A young person's distress often appears before they have language for it. Sleep that changes shape. Appetite that drops or shifts. Withdrawal from things that used to matter. Irritability that does not fit the trigger. School refusal that did not have a clear beginning. These are not always mental health diagnoses. Sometimes they are early signals that something is being worked out — and sometimes that something has a physical layer running alongside it.
Children's and adolescent psychology in this pathway is the work of reading those signals carefully. Where the picture overlaps with complex physical health — chronic pain, autonomic symptoms, fatigue, post-viral patterns, neurodivergence — that interaction is held openly rather than treated as either purely physical or purely psychological.
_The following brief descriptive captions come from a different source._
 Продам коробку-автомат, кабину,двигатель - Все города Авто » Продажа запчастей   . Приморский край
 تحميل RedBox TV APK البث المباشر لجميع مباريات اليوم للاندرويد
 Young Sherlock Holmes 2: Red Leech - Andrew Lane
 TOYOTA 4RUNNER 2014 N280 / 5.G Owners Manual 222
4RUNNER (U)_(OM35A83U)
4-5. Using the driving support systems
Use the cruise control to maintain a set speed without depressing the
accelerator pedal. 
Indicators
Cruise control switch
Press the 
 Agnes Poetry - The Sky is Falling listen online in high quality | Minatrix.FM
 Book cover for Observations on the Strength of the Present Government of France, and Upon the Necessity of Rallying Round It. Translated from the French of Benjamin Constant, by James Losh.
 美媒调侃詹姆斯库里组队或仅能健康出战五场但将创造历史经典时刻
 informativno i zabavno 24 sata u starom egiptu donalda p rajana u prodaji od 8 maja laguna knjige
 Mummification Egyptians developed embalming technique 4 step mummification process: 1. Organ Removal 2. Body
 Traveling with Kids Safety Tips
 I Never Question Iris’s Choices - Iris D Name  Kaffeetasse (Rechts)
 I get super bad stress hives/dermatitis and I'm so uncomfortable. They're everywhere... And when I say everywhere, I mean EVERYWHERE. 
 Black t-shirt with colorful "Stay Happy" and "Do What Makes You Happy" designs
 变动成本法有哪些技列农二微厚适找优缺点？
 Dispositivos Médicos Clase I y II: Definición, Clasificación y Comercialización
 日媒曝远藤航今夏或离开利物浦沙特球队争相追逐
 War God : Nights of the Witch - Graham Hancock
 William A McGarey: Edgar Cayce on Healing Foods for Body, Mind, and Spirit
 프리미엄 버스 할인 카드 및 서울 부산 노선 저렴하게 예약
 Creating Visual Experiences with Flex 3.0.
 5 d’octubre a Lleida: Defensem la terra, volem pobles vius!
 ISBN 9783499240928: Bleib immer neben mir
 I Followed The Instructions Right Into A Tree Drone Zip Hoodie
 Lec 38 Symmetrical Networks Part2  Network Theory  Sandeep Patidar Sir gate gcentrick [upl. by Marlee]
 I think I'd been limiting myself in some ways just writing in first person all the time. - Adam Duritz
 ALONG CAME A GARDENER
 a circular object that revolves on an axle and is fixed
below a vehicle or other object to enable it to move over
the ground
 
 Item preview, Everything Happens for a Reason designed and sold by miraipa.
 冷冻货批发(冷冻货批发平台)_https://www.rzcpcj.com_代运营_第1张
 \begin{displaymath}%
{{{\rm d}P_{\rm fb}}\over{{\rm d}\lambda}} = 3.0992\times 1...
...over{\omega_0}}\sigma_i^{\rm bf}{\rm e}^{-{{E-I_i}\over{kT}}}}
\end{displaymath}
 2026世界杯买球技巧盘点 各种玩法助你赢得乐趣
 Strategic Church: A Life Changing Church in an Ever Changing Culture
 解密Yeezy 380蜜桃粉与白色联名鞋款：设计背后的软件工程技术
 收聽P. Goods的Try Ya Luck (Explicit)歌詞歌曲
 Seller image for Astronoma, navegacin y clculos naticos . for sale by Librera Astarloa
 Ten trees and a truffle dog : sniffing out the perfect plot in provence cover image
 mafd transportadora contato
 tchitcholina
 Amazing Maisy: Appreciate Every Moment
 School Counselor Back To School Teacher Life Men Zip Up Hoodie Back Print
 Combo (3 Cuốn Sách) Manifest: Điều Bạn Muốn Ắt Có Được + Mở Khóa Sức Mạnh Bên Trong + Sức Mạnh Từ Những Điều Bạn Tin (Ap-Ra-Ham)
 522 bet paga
Where the picture is more straightforwardly a mental health one, that is named too.
Therapy is matched to the young person, not to a fixed branded model. Sessions are paced for the child's age, sensory profile, communication style and the current state of the picture. Parent and family work sits alongside individual sessions where that is appropriate.
This service is for children and adolescents with anxiety, low mood, school participation difficulty, sleep or appetite changes, identity questions, or distress that has not yet been named. It is for young people whose mental health is interacting with physical symptoms. It is also for families navigating significant life events — diagnosis, school transition, family change — where the young person needs psychological support inside the broader picture.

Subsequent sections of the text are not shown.